Laguna Beach provides update on wildfire mitigation, fuel modification efforts
Laguna Beach continues to make progress in preparing for and fighting wildfires, according to an update provided on those efforts to the City Council this week.
The council signed off on the wildfire mitigation and fire safety plan in 2019, a $23-million commitment that provided a list of 42 goals the city would like to accomplish to protect the community from fire events. The opportunities focus on infrastructure improvements, fuel modification, evacuation and notification.
Jeremy Frimond, an assistant to the city manager, said more than two-thirds of the 29 short-term items identified in the plan have been implemented.

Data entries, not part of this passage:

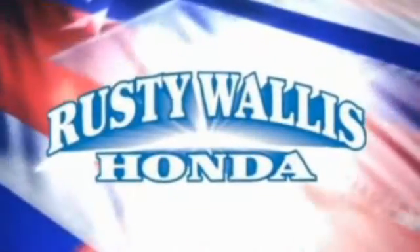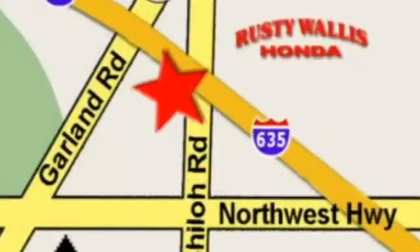At Rusty Wallace Honda, our primary goal is to satisfy our customers. Stop in today — we're easy to find, just off I-635 at Shiloh Road.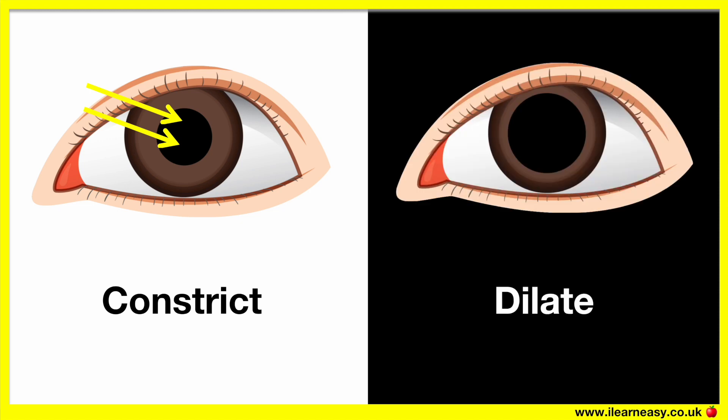Why do our pupils dilate? In dim light, our pupils appear to dilate due to the muscles in the iris. In dim light, the radial muscles contract and the circular muscles relax. So the pupil appears bigger, therefore more light will enter the eye. This allows us to see in dark settings.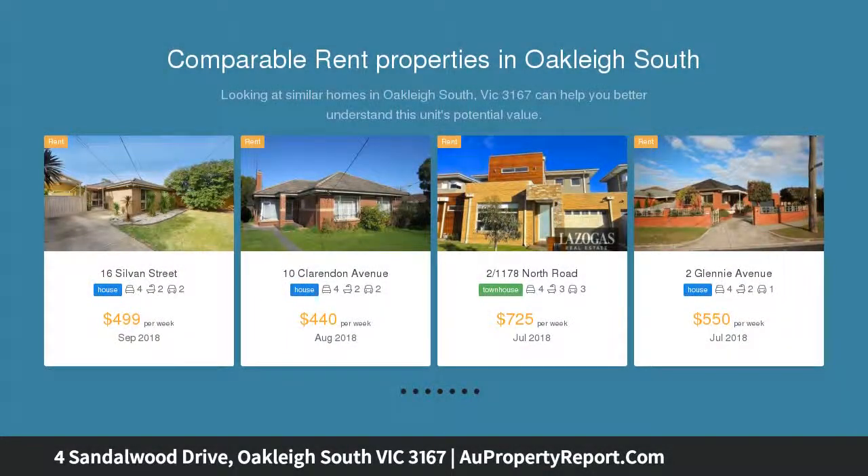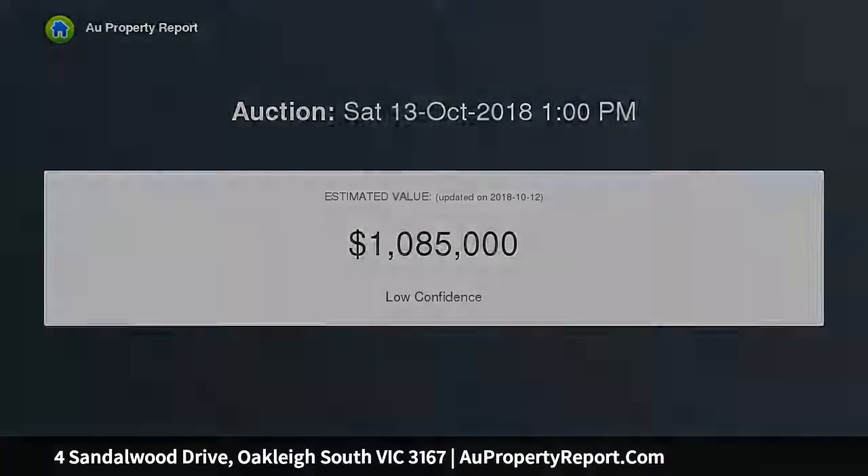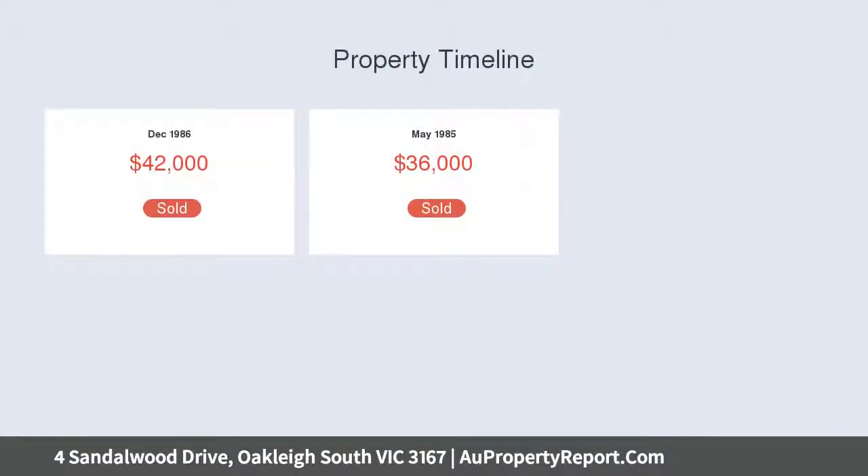This single-level family home features four spacious bedrooms, two separate living areas, and two excellent bathrooms. The home is tailor-made for the young growing family, with Mavis Hutter Reserve and Carpool Park just a short walk away.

In a report given before the panel on Tuesday, city officials shared that several cameras have been installed in Laguna Beach’s open space to assist with fire detection.
“The goal here was to install outdoor cameras, fire detection cameras that are essentially monitoring our open space to make sure we have constant contact, particularly during red-flag season,” Frimond said. “The goal here was to install two cameras, and the fire department has gotten six cameras in there this year.”

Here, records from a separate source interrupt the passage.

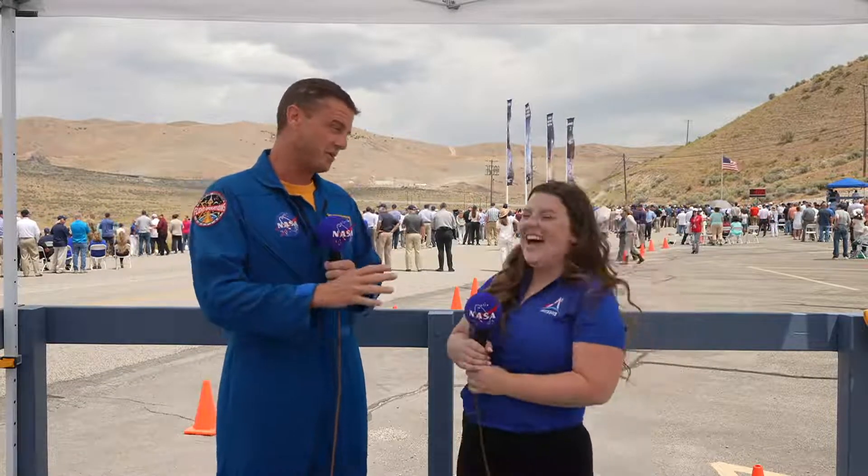This is going to be a great experience. I believe this is your first booster test — it is mine too. This is the first time I've been at one of these booster tests, and I just think it's absolutely awesome that we'll be launching Artemis I in just a few weeks on two of these boosters. It's really neat to get to be here today.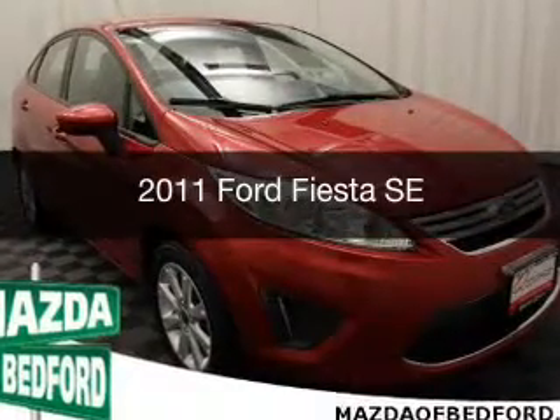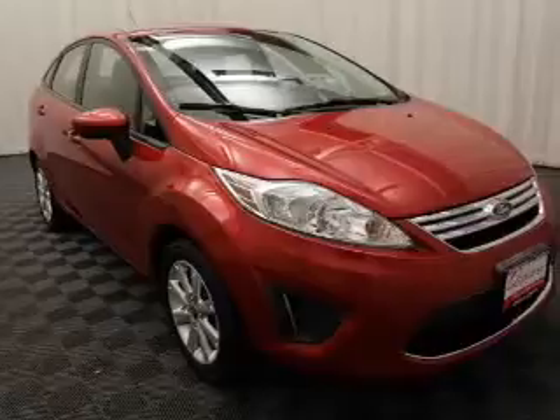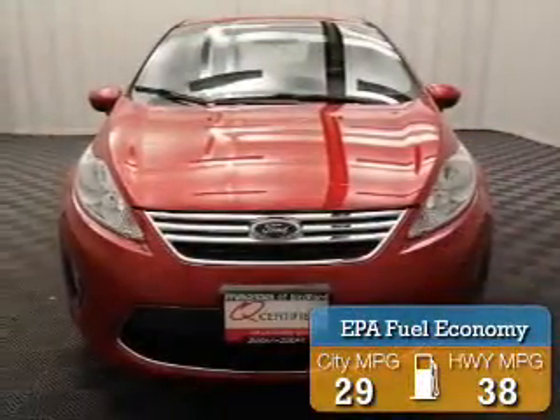This is a used 2011 Ford Fiesta. It's powered by a front-wheel drive engine. Great fuel efficiency saves you money by requiring fewer trips to the gas station.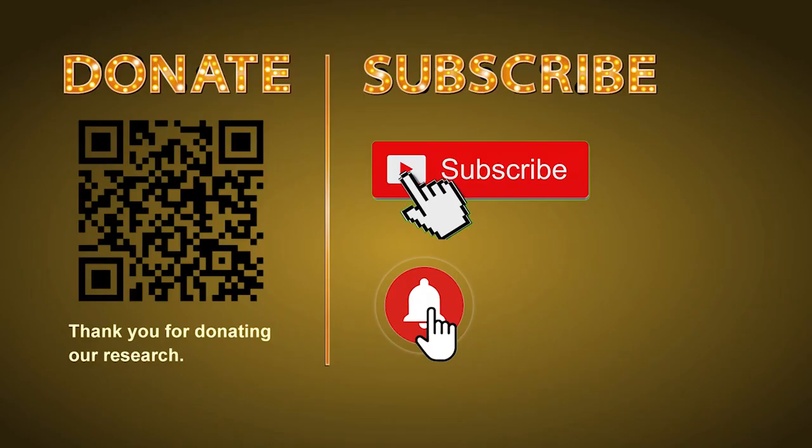Thank you for watching. Please share your numbers and hitting performance in the comments below, and like, share, and subscribe to our channel if you like it. Thank you, bye bye.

Mayor Sue Kempf inquired as to how often the open space cameras would be monitored.
“They’re not consistently monitored, but the use is if there’s a reported fire, we can put eyes on it immediately, and then we can determine the spread and direction of the fire,” Fire Chief Niko King said.
Frimond added that Ridge Reservoir and Signal Ridge both have two cameras, and the Moorehead and Jahrus reservoirs have one camera each.

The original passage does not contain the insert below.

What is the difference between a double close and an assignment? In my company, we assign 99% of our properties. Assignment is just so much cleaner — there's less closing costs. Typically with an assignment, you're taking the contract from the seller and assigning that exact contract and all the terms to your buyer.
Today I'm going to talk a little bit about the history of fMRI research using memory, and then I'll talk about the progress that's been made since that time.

Laguna Beach installed an emergency outdoor warning system, with 21 speaker sets put up around town. The city has plans to add four more locations to the notification system by early 2023. Bluebird Canyon has been identified as the site for two of those.
The city also received design approval for five utility undergrounding projects, as well as a road-widening project for Bluebird Canyon Road.
In November 2020, Laguna Beach debuted its helicopter refilling tank along the Arch Beach Heights fire road. City officials said they still hope to meet the target of a second helicopter refilling station to aid in fighting wildfires through the air by the end of this year, but the city is looking for a permanent structure, Frimond said.
A presentation was also given on the fuel modification program, which was started by the Laguna Beach Fire Department in 1991. There are 27 fuel modification zones, with 23 of those having been implemented with regular maintenance and vegetation management.
Some have been treated primarily by grazing goats brought in for that purpose. There are also zones subject to the Coastal Act, and in those zones, hand crews work around vegetation that is preserved as valued habitat.
“All of these projects really are just to give the responders some time,” King said. “If we have a fire that’s progressing up a hillside, once they get to these treated areas, it’s going to buy some time and slow the fire because it doesn’t have the contiguous fuel to continue to spread. The fuel modification zones, they don’t put fires out, they don’t prevent fires, but they assist … the first responders, so that we can get the equipment in place or use helicopters for the extinguishment of the fire.”
The city implemented three new zones (Park Avenue, South Laguna and Sunset) this year, Frimond said. They cover about 35 acres of wildland that will now receive the city’s ongoing maintenance. The city was on schedule to complete its annual maintenance of all implemented fuel modification zones by Friday.